____ EXERCISE INPUTS

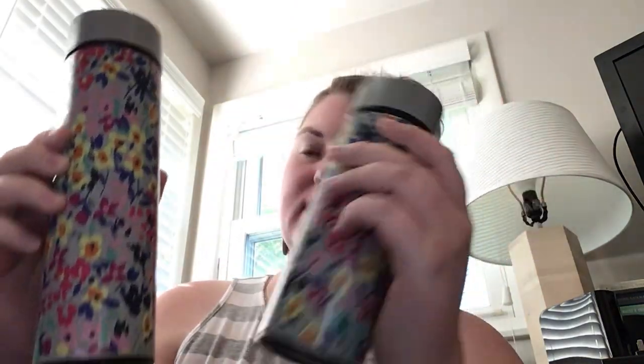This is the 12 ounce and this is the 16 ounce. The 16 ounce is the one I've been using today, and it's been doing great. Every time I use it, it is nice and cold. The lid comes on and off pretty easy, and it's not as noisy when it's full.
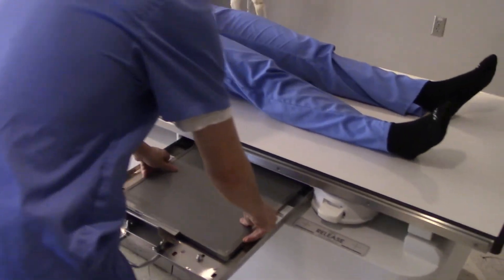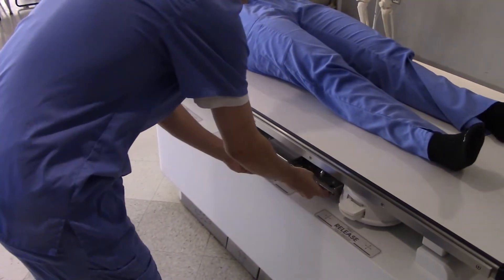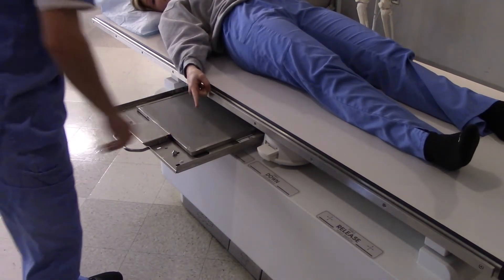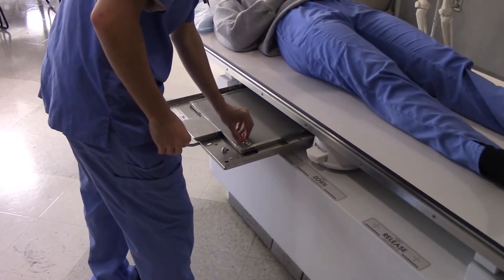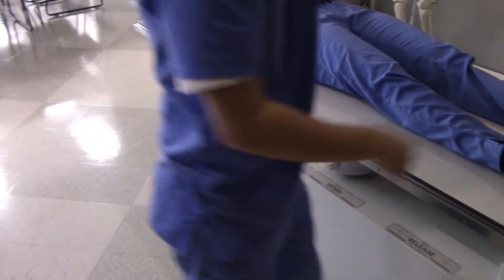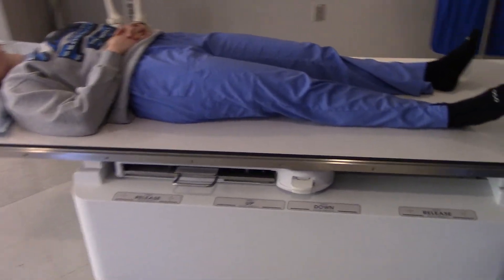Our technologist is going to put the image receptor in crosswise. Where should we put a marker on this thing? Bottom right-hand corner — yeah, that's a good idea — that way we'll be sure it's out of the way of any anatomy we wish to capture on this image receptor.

________
____ EXERCISE INPUTS

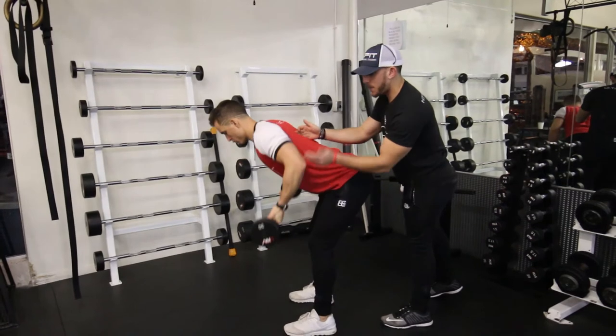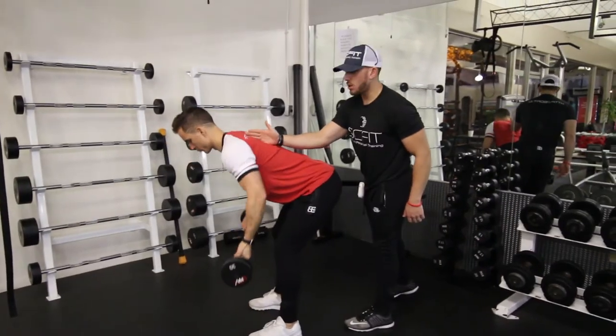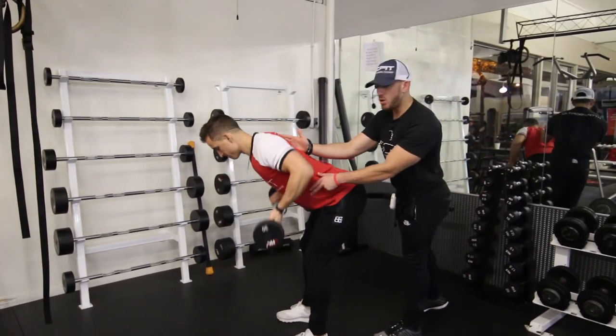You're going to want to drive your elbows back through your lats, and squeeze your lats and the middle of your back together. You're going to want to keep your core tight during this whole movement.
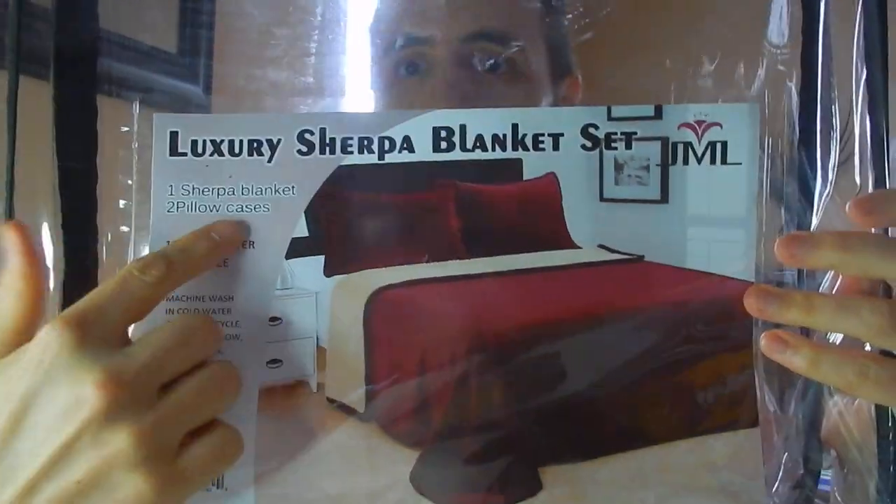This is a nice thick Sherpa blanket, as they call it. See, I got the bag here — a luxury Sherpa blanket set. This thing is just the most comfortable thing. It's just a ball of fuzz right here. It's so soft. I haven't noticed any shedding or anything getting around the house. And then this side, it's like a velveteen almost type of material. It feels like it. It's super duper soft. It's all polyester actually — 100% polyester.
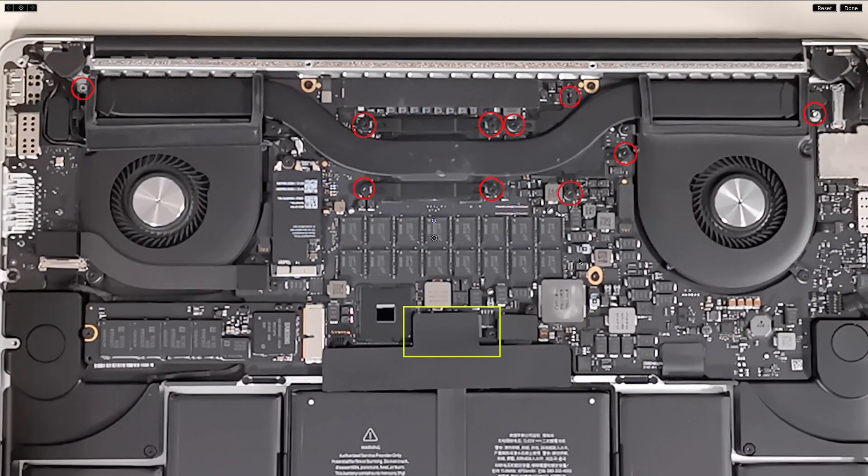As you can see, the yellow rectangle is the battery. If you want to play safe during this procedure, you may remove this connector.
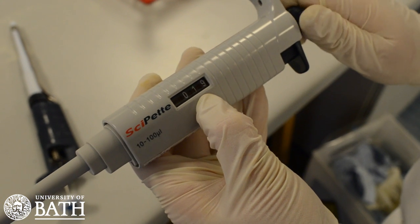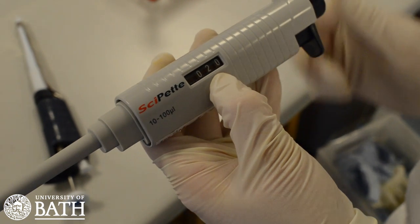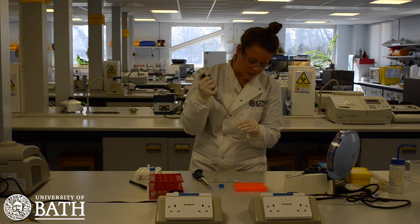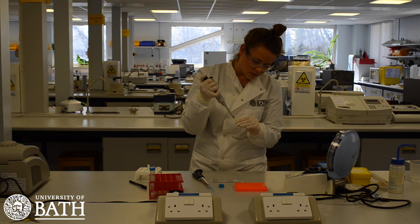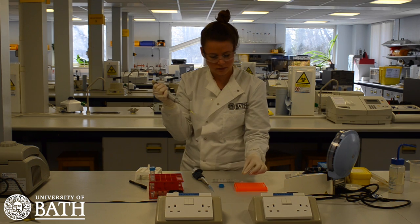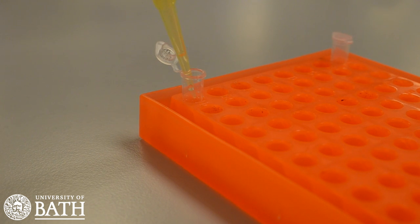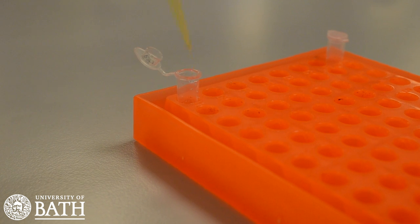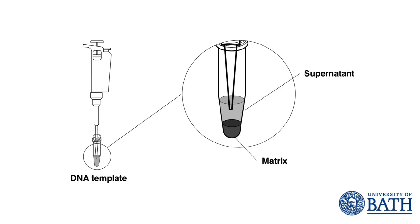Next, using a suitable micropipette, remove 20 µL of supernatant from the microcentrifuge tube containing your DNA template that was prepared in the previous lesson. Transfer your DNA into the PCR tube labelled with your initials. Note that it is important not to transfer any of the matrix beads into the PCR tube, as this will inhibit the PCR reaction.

________

**INSTRUCTIONS FOR THE TASK**
In the listing above, find the line containing "As you can see, the" and the line containing "Next, using a", then output those two lines and everything between them exactly as written, without the images.

**RESULT OF THIS EXERCISE**
As you can see, the yellow rectangle is the battery. If you want to play safe during this procedure, you may remove this connector.
Next, using a suitable micropipette, remove 20 µL of supernatant from the microcentrifuge tube containing your DNA template that was prepared in the previous lesson. Transfer your DNA into the PCR tube labelled with your initials. Note that it is important not to transfer any of the matrix beads into the PCR tube, as this will inhibit the PCR reaction.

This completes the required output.